The big advantages of SACD and DVD-A, the two most common high-resolution formats, is that they are multi-channel. When people hear SACD and DVD-A the first time, they’re often just blown away by the startling jump in the quality of the sound. The main reason for this isn’t the increased bit depth or sampling frequency, but the multi-channel mix and hte fact that most of these discs are produced with extreme care from high-quality masters, whereas the CD version of the songs may date from an old master that just isn’t very good.
The other advantage of those formats is that they are uncompressed. Uncompressed in two ways - uncompressed in dynamic range because the dynamic range of 24 bit is 144db, whereas 16 bit is 96db. In the real world, you can get sounds in that range, so the higher bit depth allows you to reconstruct the original dynamic range exactly. But CD’s often have their dynamic range artificially compressed to make them more radio friendly - the average loudness goes up, which gives the music some ‘punch’ when played against other random music, and casual listeners are often in environments with a lot of background noise (offices, in the car, outside, etc). Music with full dynamic range would have its quietest details buried in the noise floor. So they compress it. But for an audiophile with a quiet listening room, an uncompressed track is MUCH preferred.
There’s a lot of debate about this in audio and recording circles. Many credible people think that even though 44.1 is “legally” twice the range of human hearing, there are unheard but psychoacoustically “felt” frequencies that have an affect on the listener that are lost at 44.1.
Well I don’t know much about perception, but I do know that speech data in certain types of segments, most specifically clicks and ejectives, occurs in the 40k-50k range.
I’d ask a hardware guru. It might be that figure is a mutiple or related to the capabilities of certain standardized chips that are commonly used in consumer electronics. Certain ones are used very widely as workhorses.
There are all kinds of signals at 20 kHz and 50 and 100 and beyond. The existence of signals in the physical world isn’t directly relevant; only their perception is. Individual humans have some differing frequency above which perception of pure tones rolls off rapidly. 20 kHz is commonly cited. It’s a subtle physiological question, I think, whether frequencies above your own rolloff frequency matter to you. They certainly aren’t very important, and there are many other much bigger bars to fidelity.

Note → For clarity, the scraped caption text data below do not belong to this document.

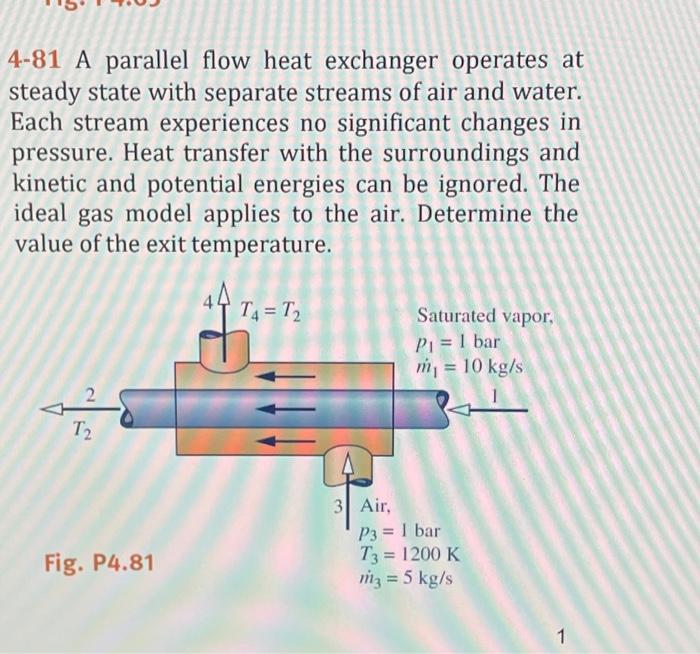 4-81 A parallel flow heat exchanger operates at steady state with separate streams of air and water. Each stream experiences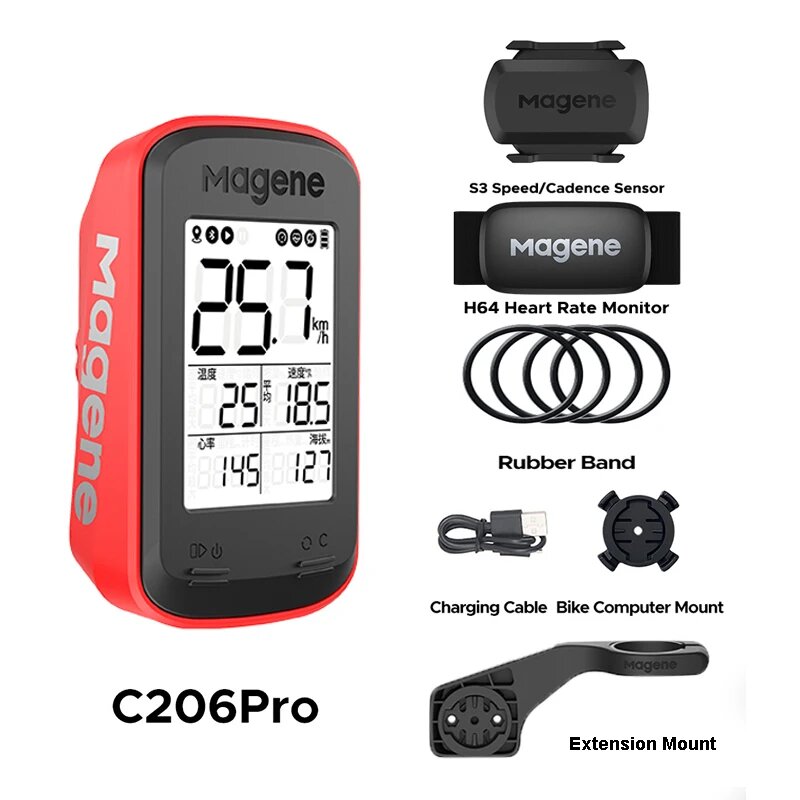 Велосипедный компьютер Magene C206pro с GPS, C206pro r with S3H64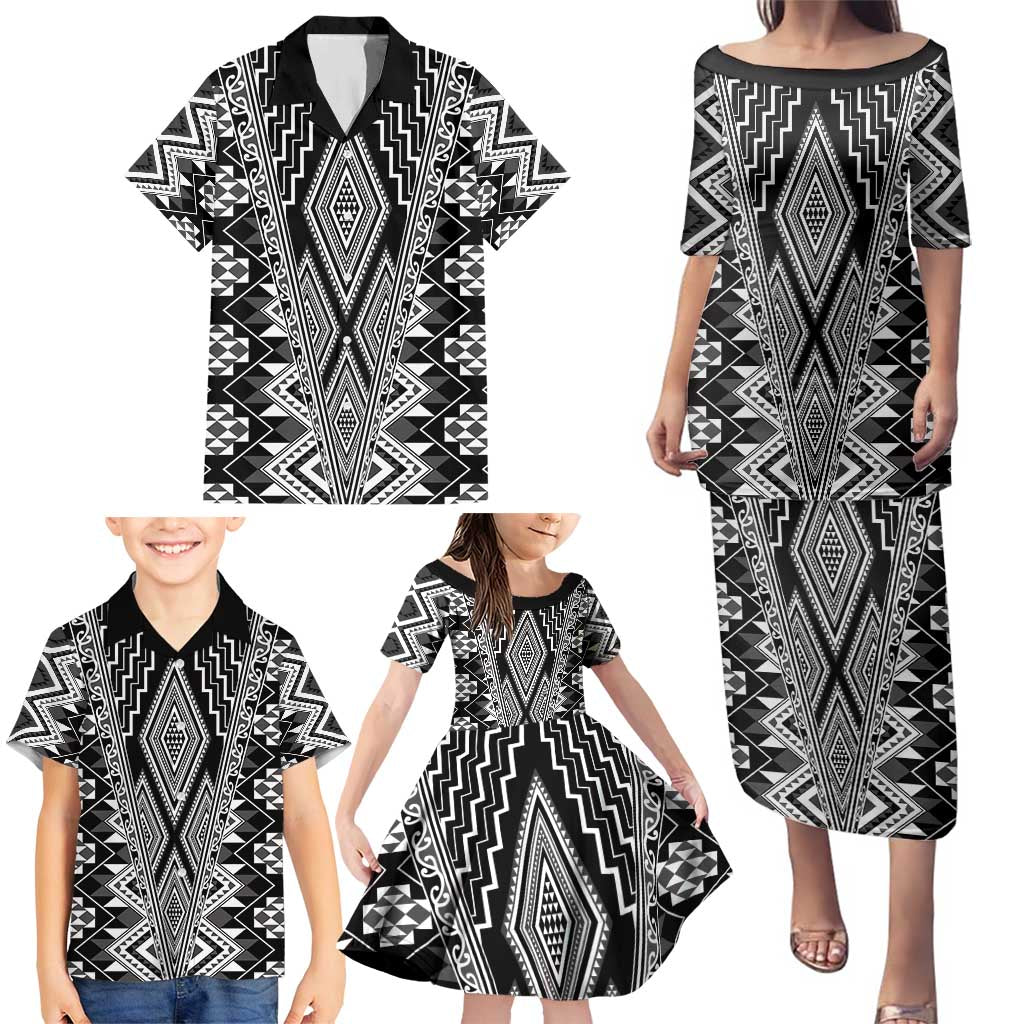 Aotearoa Tukutuku and Poutama Motif Classic Family Matching Puletasi and Hawaiian Shirt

Sampling has another oddity. A frequency somewhat higher than the sampling frequency is aliased as a frequency that same distance lower than the sampling frequency. So, there are various schemes to help make sure this does not create artificial signals. This, and the limited sharpness of rolloffs of real analog and digital filters, are some of the incentives to use higher sampling frequencies. But we are certainly talking about very refined listening. Maybe this is 1000 times less important than whether you do your listening in a car, or whether you can hear the wind outdoors when you have your headphones on in the den.
For music this is correct, but for speech perception the production is vitally important. Some theorists hold that there are aspects of perception rooted in production, and the speech system in general doesn’t like uneccesary stuff; it’s possible to produce clicks and the like without the high-range effects, which would suggest that their presence has some kind of utility.
Thanks Sam Stone, Napier, and SmackFu for your informative posts. Is is fair to say then that higher sampling rates have utility insofar as they may help reduce signal distortions caused by the limitations of hardware?
About what VCO3 and Omi no Kami have brought up: Have there been any studies to examine whether these “inaudible” frequencies contribute to sound perception? Seems like a pretty simple experiment to set up.